Creepy opening and balls-to-the-wall is Den Saakaldte‘s recipe for destruction. Tybald’s (Curse, Fortíd, ex-13 Candles, ex-Pantheon I and ex-Sarkom) blasting gets the job done, but other than that, nothing whacks you up-side the head as being specifically technical, stand-out or interesting with regards his fills – he’s present and I suppose that counts for something. Sykelig (ex-a bunch of bands) and Tjalve (Pantheon I and ex-1349) riff up a storm that’s mostly forgettable and been done by countless bands before Den Saakaldte. Early on in “Du Selvproklamerte Misjonaer,” “Som Et Arr På Sjelen” and around the mid point of “Endelost Ode”), Sykelig and Tjalve dig up Utter Hell and thrash-tasticness that smacks of Infernö-worship [Damn, I love that album so much. – Steel Druhm]. The thrashy, dippy mile-a-minute contrast makes the doom-laden interludes and Thorber’s torment seem that much darker and less easy to swallow, more of this irrationality would have made the monotony far less smarting.
Discounting Den Saakaldte‘s slew of splits and EPs (which I’ve not heard), the production on their earlier releases focussed more on the sharpness of Kvarforth’s vocals and on the various musical highlights scattered here and there. This has not been carried through into Faen i Helvete, with Strand Studio (Chrome Division, The Wretched End, Susperia and In Vain) responsible for the mix, engineering and mastering. Bringing Tybald’s horse slurr out front would have done good to break through the murk and have the tracks hit harder with the old grey matter.

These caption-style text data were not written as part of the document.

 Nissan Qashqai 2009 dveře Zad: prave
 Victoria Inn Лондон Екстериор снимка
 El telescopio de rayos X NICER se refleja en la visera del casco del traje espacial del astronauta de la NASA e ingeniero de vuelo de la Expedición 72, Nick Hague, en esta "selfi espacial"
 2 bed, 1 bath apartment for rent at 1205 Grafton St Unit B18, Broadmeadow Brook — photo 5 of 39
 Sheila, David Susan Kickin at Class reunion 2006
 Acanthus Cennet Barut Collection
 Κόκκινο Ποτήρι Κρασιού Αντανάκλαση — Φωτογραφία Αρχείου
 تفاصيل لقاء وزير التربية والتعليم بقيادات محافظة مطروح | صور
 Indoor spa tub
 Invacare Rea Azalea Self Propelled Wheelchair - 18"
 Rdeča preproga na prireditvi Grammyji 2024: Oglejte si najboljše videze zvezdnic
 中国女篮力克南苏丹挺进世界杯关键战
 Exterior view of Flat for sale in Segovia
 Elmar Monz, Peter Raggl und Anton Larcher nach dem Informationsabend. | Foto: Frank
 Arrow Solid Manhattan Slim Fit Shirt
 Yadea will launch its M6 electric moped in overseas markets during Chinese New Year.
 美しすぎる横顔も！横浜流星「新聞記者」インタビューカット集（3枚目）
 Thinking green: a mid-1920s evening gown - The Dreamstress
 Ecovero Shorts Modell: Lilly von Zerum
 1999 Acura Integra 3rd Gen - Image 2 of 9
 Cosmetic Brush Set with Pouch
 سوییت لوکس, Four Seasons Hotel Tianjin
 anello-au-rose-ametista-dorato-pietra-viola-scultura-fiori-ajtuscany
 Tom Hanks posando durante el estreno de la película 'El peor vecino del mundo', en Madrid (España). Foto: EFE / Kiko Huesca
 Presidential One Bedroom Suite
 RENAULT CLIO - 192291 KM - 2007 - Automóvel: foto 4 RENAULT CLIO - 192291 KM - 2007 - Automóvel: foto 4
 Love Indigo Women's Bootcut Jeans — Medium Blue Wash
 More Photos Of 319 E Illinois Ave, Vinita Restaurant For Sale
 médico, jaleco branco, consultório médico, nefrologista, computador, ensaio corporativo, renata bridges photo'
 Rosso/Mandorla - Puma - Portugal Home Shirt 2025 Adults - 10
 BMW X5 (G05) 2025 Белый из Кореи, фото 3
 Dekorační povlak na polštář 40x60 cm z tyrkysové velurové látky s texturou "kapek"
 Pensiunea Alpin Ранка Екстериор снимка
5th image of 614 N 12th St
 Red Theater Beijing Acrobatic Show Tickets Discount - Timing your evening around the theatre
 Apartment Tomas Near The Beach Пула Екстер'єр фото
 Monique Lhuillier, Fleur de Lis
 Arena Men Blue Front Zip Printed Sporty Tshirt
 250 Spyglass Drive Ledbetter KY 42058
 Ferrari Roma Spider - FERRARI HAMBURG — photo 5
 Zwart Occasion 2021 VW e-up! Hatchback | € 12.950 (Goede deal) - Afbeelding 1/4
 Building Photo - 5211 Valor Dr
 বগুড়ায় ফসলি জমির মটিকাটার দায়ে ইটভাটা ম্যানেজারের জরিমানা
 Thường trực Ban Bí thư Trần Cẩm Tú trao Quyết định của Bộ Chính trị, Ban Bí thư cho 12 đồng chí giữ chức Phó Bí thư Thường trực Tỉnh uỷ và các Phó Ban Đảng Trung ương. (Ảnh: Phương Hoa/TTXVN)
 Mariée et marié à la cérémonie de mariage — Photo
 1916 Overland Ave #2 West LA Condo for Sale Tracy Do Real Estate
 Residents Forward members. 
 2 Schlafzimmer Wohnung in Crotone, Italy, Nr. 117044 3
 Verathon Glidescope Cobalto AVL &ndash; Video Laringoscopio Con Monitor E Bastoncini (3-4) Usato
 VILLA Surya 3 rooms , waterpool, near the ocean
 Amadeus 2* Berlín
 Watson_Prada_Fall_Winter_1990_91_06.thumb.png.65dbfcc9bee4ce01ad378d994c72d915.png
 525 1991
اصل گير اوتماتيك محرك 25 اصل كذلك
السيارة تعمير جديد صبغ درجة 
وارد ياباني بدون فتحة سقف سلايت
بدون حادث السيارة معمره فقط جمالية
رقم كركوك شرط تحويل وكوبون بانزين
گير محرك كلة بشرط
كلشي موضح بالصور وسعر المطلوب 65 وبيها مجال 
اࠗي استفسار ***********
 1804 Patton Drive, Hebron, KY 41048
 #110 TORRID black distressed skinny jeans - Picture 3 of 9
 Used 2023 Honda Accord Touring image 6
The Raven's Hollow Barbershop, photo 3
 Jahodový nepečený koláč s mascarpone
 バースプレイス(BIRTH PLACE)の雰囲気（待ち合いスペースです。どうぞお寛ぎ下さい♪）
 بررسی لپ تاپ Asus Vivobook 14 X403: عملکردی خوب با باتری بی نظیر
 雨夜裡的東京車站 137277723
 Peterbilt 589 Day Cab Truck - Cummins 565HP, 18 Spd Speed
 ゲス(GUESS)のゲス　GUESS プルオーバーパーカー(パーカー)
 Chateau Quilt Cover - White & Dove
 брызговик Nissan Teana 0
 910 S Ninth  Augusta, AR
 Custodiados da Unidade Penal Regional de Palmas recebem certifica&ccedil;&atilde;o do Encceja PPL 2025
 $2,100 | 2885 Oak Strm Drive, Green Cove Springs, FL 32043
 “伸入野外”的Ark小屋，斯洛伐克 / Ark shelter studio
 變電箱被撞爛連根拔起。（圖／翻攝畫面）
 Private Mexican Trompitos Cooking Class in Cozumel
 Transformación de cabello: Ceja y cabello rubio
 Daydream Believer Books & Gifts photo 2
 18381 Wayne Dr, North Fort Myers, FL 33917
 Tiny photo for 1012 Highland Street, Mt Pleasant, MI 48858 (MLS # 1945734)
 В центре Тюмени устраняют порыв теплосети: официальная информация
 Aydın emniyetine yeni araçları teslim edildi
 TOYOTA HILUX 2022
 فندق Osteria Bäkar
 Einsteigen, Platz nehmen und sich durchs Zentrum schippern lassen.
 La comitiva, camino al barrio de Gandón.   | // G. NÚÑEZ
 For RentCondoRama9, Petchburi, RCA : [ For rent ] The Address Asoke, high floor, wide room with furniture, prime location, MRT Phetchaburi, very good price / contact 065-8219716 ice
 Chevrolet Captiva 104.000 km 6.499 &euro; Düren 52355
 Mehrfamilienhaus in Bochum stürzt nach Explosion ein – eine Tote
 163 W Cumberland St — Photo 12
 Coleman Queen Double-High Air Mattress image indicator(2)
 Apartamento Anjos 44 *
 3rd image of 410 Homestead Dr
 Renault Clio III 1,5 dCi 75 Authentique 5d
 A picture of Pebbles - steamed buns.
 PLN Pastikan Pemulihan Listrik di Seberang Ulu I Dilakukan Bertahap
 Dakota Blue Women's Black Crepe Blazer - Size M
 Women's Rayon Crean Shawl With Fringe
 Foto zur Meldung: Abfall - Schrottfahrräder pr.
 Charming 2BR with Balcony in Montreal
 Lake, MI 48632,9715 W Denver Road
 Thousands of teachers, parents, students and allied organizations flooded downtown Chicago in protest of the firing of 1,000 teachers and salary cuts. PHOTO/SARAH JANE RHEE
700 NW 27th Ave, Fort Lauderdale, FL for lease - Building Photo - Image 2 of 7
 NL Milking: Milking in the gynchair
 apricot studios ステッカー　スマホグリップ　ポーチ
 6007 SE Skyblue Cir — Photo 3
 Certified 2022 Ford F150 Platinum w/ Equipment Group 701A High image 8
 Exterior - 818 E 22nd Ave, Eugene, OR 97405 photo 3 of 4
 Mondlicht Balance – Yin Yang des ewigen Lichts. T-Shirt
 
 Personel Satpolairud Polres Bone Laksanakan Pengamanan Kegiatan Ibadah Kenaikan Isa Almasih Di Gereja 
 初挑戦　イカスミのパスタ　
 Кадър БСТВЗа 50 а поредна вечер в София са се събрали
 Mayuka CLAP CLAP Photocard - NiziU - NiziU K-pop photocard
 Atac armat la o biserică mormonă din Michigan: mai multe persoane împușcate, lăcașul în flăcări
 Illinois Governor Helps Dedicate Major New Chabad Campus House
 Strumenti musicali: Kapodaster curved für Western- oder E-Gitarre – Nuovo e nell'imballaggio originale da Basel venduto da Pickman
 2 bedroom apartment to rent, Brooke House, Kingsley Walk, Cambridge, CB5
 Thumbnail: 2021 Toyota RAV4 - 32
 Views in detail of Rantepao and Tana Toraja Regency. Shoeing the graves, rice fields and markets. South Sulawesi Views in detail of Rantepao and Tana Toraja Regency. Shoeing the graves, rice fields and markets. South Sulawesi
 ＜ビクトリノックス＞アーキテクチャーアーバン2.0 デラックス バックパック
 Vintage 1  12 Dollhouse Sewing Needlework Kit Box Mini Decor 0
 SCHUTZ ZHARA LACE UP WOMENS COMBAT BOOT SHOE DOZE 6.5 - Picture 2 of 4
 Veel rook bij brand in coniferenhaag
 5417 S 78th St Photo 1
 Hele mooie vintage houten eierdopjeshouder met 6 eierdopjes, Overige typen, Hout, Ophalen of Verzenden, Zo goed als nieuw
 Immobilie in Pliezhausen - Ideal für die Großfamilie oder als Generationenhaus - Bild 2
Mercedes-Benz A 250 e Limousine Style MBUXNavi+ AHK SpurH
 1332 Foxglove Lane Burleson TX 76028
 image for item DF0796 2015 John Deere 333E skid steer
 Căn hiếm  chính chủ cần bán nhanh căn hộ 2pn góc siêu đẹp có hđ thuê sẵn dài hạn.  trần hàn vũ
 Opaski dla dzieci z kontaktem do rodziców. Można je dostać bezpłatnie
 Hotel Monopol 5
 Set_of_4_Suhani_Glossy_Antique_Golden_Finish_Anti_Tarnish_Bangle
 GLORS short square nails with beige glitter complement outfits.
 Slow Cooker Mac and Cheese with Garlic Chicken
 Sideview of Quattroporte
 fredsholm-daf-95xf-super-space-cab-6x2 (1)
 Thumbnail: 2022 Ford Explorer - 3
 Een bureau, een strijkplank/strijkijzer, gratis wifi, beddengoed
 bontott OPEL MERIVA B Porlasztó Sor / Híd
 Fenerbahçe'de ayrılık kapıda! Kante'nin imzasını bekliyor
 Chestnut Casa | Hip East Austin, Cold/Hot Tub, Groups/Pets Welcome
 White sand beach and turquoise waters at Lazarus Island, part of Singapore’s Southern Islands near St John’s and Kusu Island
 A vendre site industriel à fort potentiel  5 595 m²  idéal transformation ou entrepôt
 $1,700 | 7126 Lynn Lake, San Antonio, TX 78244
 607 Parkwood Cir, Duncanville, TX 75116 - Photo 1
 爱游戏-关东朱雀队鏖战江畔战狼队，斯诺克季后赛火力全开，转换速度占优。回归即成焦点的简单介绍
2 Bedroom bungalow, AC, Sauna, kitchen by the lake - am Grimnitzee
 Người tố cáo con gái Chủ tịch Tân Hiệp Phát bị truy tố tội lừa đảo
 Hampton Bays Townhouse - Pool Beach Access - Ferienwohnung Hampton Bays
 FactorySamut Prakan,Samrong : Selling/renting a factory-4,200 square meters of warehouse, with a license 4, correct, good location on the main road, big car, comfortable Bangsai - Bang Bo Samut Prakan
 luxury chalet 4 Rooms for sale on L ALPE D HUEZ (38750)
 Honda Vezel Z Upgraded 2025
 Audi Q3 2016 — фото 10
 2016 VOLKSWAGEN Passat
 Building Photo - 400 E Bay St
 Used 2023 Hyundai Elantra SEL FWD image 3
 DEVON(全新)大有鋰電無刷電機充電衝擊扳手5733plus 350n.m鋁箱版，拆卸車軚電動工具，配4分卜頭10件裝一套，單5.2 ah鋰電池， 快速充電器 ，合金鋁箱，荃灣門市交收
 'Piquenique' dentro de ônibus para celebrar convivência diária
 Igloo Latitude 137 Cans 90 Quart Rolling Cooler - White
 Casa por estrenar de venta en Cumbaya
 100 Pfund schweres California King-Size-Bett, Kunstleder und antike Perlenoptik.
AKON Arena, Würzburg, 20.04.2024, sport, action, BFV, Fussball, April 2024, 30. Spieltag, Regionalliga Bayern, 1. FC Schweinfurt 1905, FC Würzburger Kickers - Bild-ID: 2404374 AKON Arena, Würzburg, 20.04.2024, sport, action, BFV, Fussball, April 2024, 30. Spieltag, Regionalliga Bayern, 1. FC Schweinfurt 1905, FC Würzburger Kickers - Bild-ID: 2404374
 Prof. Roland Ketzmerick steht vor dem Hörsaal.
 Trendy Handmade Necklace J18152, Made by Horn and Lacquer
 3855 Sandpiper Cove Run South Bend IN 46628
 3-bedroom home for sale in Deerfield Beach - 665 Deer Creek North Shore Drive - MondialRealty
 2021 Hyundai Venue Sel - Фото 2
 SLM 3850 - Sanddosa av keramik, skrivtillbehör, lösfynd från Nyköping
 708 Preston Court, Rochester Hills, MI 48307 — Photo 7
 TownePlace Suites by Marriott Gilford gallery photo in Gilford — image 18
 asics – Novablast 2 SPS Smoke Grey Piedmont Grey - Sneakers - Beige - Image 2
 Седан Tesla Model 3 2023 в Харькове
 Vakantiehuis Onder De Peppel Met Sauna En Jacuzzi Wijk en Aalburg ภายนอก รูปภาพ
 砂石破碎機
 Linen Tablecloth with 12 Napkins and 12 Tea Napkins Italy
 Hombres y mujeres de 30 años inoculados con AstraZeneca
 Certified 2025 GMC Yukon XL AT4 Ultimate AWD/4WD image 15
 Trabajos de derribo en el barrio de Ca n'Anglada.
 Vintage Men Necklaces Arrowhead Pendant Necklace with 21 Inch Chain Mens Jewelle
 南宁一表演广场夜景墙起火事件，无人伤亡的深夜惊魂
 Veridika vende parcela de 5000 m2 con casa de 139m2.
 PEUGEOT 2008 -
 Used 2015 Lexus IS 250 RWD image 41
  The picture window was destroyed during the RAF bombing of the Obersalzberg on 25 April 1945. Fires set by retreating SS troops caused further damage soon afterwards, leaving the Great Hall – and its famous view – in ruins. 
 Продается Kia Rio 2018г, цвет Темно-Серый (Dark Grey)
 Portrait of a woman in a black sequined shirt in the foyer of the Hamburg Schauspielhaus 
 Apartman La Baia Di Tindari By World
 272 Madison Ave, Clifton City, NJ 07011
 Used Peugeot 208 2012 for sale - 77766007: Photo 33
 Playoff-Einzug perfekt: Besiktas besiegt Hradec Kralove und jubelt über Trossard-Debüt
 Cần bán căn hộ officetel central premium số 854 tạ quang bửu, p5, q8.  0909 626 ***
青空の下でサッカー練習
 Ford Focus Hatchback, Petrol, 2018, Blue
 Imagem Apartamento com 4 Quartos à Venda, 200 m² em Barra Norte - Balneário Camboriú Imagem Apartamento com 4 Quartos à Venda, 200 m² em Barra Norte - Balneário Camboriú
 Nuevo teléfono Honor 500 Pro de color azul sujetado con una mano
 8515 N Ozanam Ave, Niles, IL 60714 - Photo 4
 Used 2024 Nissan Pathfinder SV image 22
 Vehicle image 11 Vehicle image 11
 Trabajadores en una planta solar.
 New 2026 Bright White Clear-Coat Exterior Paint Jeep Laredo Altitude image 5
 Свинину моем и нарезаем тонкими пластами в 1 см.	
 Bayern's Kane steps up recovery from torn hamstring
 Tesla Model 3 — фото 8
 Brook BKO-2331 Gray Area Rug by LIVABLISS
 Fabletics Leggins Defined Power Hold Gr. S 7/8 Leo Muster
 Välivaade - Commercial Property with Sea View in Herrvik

As with Ol, Morke Og Depresjon and All Hail Pessimism there are a few good tracks here that will prompt me to spin the album again as background noise – “Du Selvproklamerte misjonaer,” “Endelost Ode” and “Som Et Arr På Sjelen” immediately coming to mind. Despite Faen i Helvete being considerably shorter than All Hail Pessimism, it feels overly long and draggy once you’re past the good stuff. Let’s be honest here folks, I’ve certainly heard more gloomy releases out of Norway and for the most part this is just faceless, been-done-before black metal, and that’s hardly a must have.